------ Dataset ------

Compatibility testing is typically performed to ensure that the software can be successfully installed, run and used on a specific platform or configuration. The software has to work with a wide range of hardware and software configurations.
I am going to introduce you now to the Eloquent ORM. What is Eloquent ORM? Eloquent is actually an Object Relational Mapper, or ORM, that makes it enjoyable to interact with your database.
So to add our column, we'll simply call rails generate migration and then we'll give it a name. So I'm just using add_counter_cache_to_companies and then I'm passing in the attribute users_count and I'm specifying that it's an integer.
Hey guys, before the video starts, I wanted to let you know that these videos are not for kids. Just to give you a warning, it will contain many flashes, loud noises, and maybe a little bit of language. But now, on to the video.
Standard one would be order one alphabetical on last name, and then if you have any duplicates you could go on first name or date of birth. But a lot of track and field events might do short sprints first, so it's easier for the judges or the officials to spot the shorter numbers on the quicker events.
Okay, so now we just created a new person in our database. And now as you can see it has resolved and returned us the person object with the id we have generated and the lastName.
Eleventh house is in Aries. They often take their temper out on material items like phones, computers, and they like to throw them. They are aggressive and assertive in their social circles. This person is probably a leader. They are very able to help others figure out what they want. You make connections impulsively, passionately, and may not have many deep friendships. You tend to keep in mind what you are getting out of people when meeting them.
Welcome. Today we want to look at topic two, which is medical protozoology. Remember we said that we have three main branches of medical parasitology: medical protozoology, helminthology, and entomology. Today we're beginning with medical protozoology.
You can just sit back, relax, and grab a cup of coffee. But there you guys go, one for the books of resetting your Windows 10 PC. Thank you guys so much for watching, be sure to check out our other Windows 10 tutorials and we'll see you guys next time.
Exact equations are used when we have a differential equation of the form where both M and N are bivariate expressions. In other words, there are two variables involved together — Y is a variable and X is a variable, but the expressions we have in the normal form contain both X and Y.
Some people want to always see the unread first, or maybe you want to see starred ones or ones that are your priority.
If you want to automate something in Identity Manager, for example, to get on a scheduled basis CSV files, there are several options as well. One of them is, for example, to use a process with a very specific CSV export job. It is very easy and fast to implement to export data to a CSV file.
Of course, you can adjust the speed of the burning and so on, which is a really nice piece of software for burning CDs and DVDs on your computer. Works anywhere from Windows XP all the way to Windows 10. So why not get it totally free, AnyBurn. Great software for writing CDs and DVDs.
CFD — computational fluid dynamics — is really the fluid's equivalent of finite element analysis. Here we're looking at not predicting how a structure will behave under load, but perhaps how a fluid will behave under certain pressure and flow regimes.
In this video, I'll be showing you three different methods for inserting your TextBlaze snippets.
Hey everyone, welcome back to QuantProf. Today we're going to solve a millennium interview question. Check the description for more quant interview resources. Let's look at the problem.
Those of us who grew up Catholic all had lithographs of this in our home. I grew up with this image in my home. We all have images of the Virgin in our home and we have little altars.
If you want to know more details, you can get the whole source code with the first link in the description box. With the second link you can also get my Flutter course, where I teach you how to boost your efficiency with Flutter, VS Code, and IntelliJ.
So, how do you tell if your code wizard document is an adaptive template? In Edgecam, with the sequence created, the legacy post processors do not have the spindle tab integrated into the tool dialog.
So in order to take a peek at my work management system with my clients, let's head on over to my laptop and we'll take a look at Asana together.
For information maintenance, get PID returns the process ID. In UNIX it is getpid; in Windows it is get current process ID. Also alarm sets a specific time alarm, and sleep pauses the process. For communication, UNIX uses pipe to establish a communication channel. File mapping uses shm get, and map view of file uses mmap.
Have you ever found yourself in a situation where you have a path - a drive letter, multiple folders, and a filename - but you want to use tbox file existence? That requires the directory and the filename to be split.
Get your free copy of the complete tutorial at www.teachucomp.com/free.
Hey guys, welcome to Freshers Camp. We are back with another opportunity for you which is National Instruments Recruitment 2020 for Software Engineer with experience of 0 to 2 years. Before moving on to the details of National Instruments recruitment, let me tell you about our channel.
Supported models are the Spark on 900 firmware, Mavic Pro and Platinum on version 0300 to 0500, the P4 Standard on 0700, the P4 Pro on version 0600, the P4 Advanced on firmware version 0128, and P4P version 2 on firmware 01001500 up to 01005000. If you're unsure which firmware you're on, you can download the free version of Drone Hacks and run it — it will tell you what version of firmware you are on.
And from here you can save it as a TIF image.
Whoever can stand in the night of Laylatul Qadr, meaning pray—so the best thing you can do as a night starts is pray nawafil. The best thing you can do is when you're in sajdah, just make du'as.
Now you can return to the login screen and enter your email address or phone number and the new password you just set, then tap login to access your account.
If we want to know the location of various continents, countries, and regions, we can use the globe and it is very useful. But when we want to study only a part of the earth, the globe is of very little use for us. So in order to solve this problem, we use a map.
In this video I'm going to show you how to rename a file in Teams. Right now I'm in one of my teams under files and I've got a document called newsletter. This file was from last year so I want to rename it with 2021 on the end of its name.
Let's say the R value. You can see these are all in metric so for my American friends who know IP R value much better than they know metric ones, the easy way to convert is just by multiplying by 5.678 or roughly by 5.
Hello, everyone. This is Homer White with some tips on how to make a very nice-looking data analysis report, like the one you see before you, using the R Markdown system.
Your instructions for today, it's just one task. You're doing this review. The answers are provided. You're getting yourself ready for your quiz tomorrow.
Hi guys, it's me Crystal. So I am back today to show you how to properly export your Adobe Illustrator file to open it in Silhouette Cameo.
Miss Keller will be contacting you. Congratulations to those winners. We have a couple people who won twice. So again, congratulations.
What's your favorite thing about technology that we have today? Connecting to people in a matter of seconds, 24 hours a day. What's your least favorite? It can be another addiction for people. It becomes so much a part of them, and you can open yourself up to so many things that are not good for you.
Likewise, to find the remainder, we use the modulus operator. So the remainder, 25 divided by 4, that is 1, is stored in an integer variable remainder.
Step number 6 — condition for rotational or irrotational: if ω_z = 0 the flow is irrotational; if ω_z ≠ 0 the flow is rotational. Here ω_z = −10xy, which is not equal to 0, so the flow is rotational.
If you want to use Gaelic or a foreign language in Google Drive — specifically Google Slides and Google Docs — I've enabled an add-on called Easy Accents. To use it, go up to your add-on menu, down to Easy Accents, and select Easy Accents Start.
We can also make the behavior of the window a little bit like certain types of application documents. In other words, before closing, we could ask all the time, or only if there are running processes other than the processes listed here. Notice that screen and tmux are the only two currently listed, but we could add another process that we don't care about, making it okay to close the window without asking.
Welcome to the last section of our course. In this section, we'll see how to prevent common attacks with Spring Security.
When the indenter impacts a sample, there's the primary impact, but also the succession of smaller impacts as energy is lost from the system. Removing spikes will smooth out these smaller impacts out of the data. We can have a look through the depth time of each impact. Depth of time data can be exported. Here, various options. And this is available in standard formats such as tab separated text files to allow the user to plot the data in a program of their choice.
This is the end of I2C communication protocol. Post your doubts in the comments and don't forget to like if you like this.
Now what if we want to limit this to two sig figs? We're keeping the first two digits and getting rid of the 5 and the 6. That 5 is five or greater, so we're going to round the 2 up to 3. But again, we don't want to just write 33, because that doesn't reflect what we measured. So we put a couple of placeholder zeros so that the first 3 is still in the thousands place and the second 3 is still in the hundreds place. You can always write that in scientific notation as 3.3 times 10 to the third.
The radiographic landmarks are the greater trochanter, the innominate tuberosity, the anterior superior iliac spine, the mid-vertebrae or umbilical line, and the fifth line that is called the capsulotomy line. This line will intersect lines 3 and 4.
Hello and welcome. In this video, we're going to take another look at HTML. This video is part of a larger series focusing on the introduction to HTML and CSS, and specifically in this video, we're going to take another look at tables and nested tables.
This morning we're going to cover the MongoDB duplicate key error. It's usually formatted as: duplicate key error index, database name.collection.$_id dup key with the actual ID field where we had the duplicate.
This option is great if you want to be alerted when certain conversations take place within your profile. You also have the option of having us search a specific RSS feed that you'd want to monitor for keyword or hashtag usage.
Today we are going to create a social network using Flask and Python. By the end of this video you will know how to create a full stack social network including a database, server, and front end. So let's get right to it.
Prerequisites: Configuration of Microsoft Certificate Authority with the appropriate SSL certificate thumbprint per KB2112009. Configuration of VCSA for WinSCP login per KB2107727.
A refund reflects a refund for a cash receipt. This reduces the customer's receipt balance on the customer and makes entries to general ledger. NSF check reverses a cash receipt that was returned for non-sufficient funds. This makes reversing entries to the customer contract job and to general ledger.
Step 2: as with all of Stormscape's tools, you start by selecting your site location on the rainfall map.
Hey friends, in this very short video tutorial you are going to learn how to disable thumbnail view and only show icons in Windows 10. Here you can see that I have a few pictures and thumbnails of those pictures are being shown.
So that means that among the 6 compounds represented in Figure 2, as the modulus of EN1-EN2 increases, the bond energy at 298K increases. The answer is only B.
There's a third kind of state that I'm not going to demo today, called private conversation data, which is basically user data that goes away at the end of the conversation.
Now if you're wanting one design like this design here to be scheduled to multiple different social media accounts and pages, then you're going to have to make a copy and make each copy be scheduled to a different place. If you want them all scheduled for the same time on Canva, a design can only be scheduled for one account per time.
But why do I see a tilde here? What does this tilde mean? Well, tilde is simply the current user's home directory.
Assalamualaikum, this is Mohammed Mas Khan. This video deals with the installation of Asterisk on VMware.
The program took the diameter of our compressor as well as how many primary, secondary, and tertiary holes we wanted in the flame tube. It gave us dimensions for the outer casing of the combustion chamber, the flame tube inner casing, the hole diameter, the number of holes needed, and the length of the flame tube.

------

Your instructions: Scan the entries above. Copy each line that has the string "details".

Output of the exercise:
If you want to know more details, you can get the whole source code with the first link in the description box. With the second link you can also get my Flutter course, where I teach you how to boost your efficiency with Flutter, VS Code, and IntelliJ.
Hey guys, welcome to Freshers Camp. We are back with another opportunity for you which is National Instruments Recruitment 2020 for Software Engineer with experience of 0 to 2 years. Before moving on to the details of National Instruments recruitment, let me tell you about our channel.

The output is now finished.